== Required action ==
The result should hold only the lines from the one with "N-(2-Fluorobenzyl)-2,5-dimethoxyaniline molecular structure, CAS" through the final line of the data below, transcribed exactly, pictures left out.

----- Material for this exercise -----

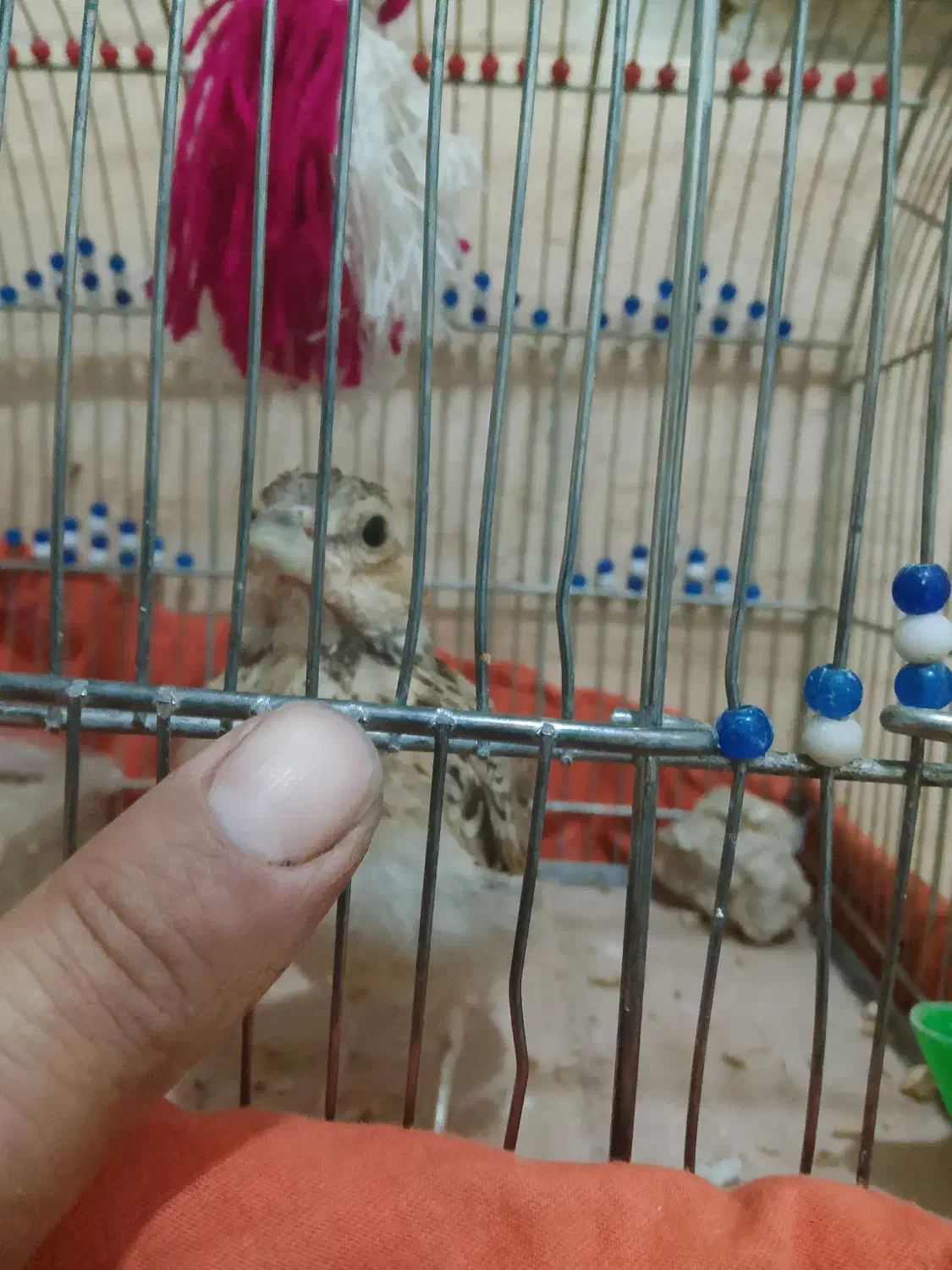 جوجه سهره خاکی رام رام درشت بشرط ریژخون|پرنده|اسلامشهر, مسکن مهر اسلاشهر (شهرک امام خمینی)|دیوار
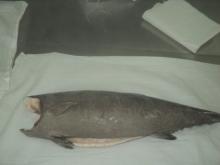 Oilfish HGT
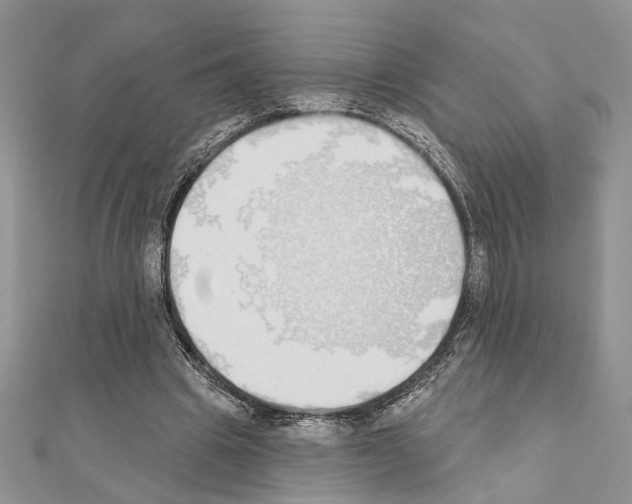 X0000110860441200907301355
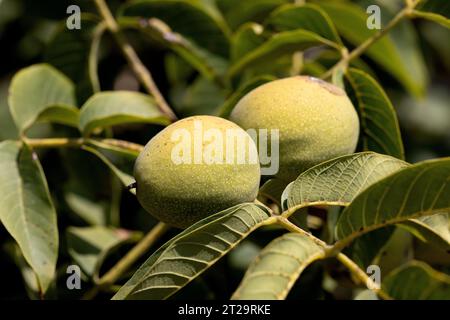 Noci verdi fresche nella buccia su un ramo d'albero con tracce di danni da pilastri. I parassiti agricoli i montanti mangiano noci e distruggono le colture. Nu Foto Stock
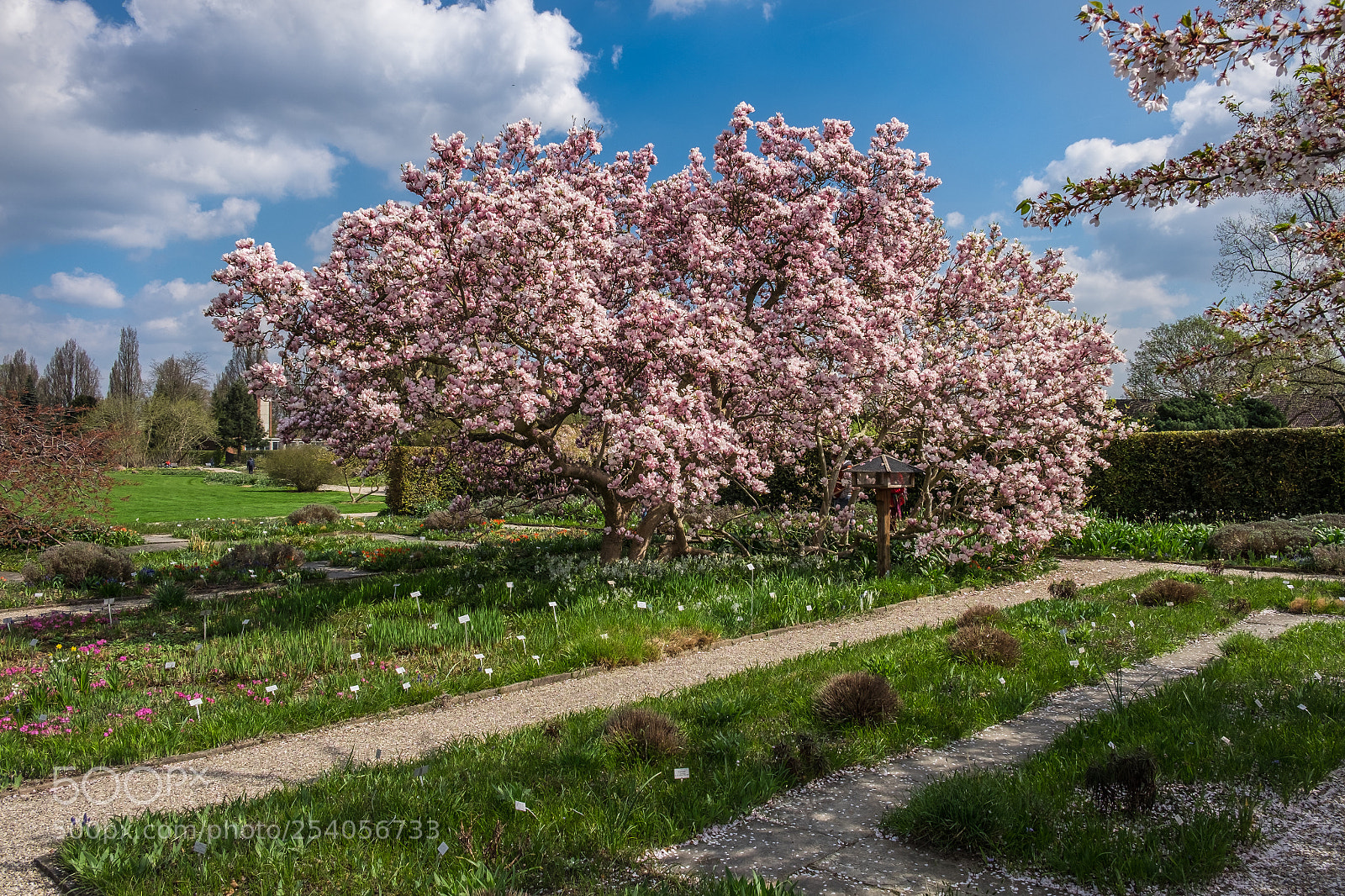 Fujifilm X-T1 sample photo. Frühling (spring) photography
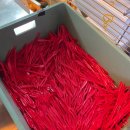 서창남로 40(상가건물 앞) | 강릉길감자 웨이팅 2시간 40분 솔직후기, 메뉴 추천 및 소스 리필 꿀팁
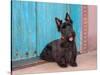 Scottish Terrier Sitting by Colorful Doorway-Zandria Muench Beraldo-Stretched Canvas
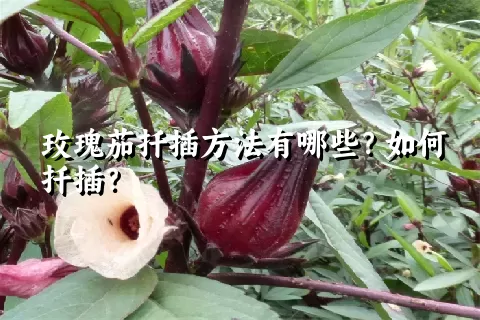 玫瑰茄扦插方法有哪些？如何扦插？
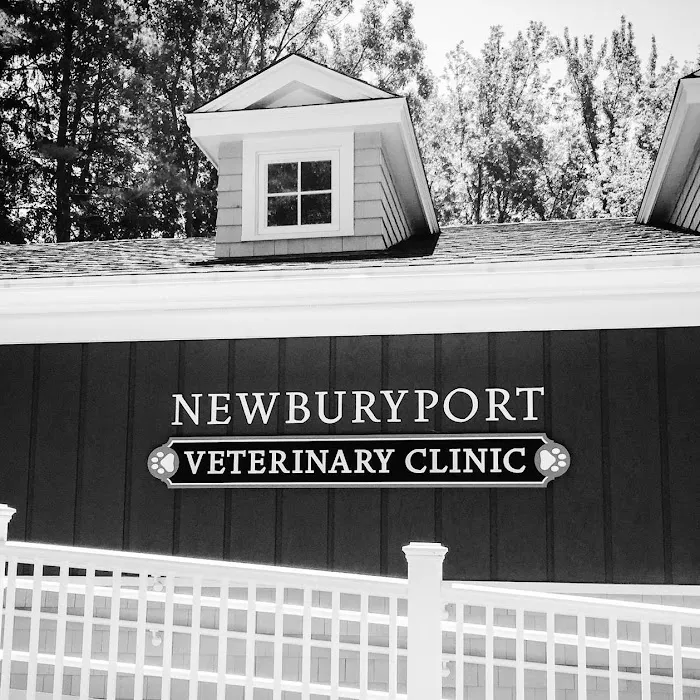 Newburyport Veterinary Clinic 8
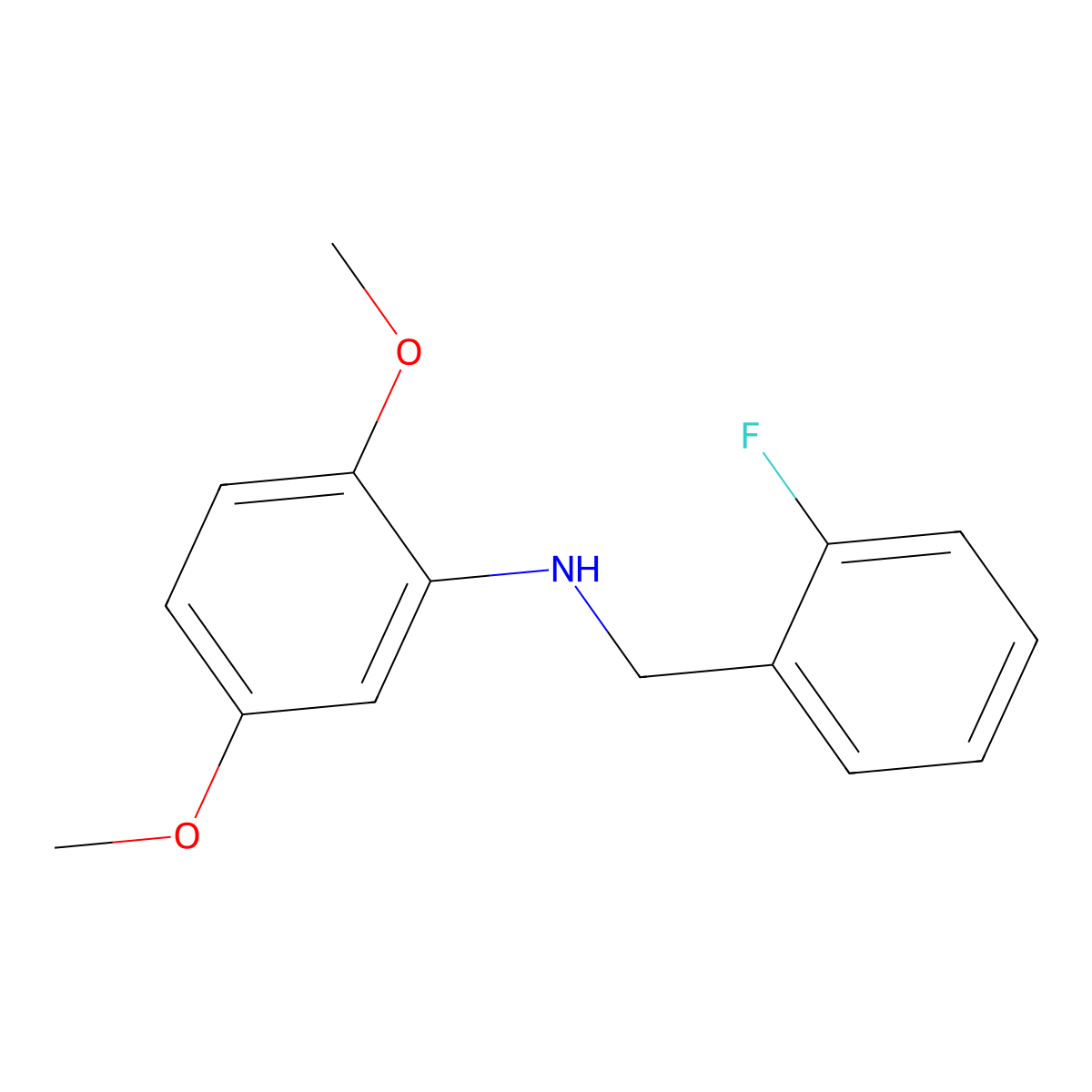 N-(2-Fluorobenzyl)-2,5-dimethoxyaniline molecular structure, CAS 1021124-41-3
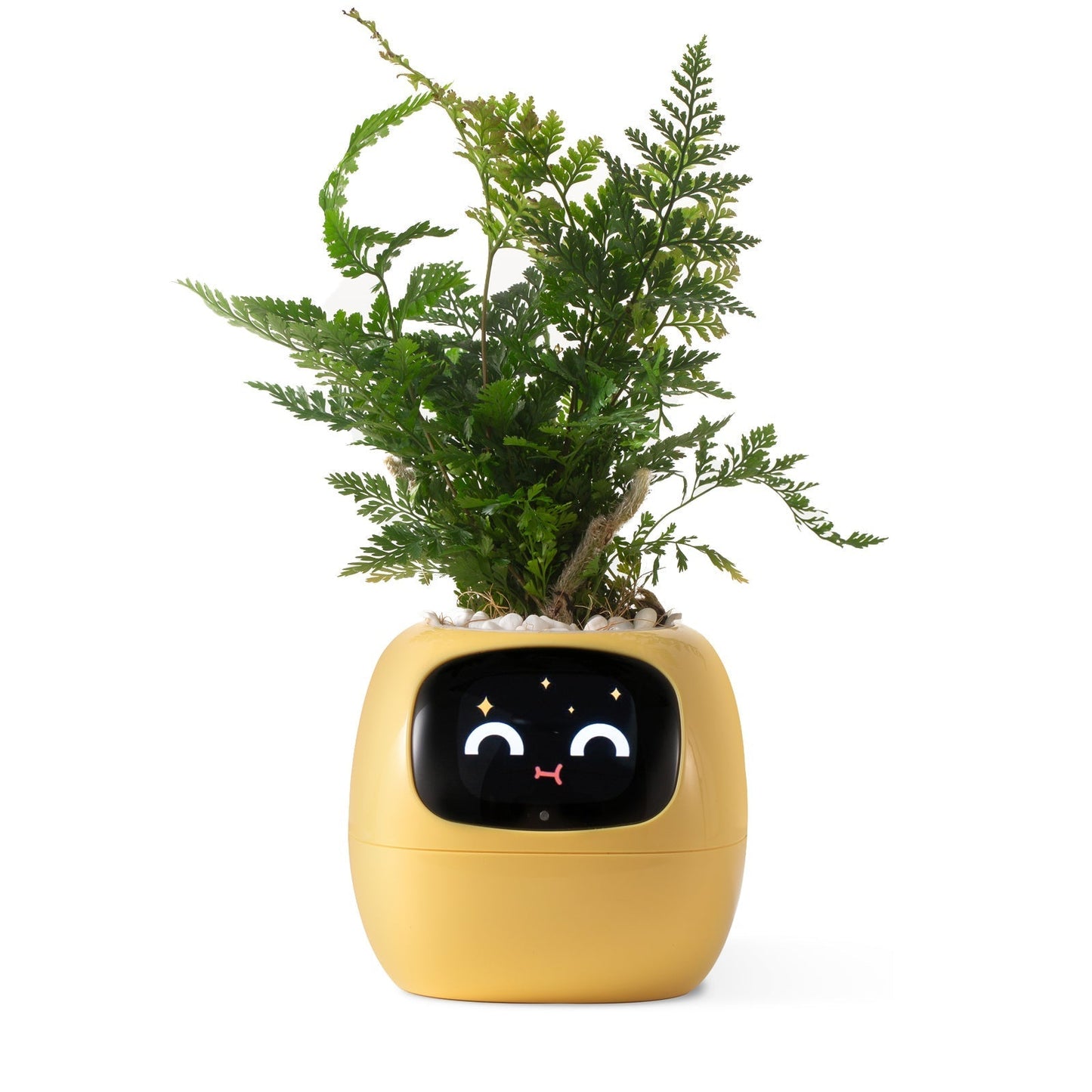 VerdeGlow – Self-Watering Smart Plant Pot | Automatic Irrigation | Modern Indoor Planter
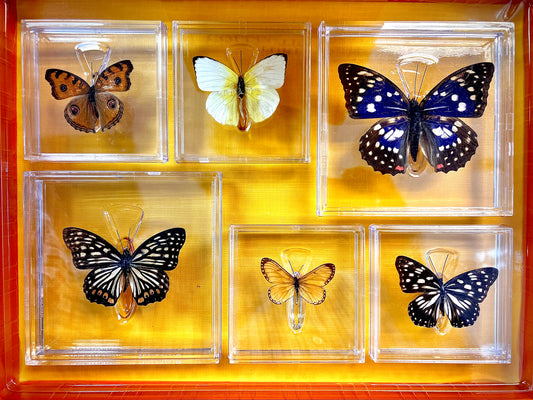 Butterfly Collections (Set Of 6) Ethically Sourced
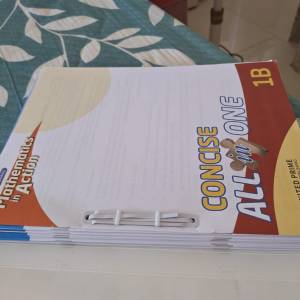 junior secondary  Mathematics in Action (concise all in one)
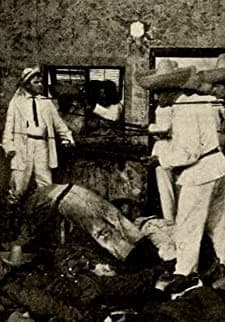 The Message Of The Palms (1913) afişi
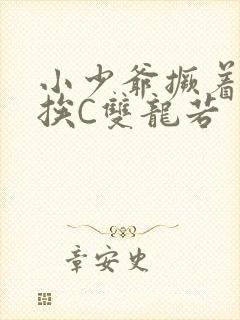 小少爷撅着屁股挨C双龙若封面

-----

== Task solution ==
 N-(2-Fluorobenzyl)-2,5-dimethoxyaniline molecular structure, CAS 1021124-41-3
 VerdeGlow – Self-Watering Smart Plant Pot | Automatic Irrigation | Modern Indoor Planter
 Butterfly Collections (Set Of 6) Ethically Sourced
 junior secondary  Mathematics in Action (concise all in one)
 The Message Of The Palms (1913) afişi
 小少爷撅着屁股挨C双龙若封面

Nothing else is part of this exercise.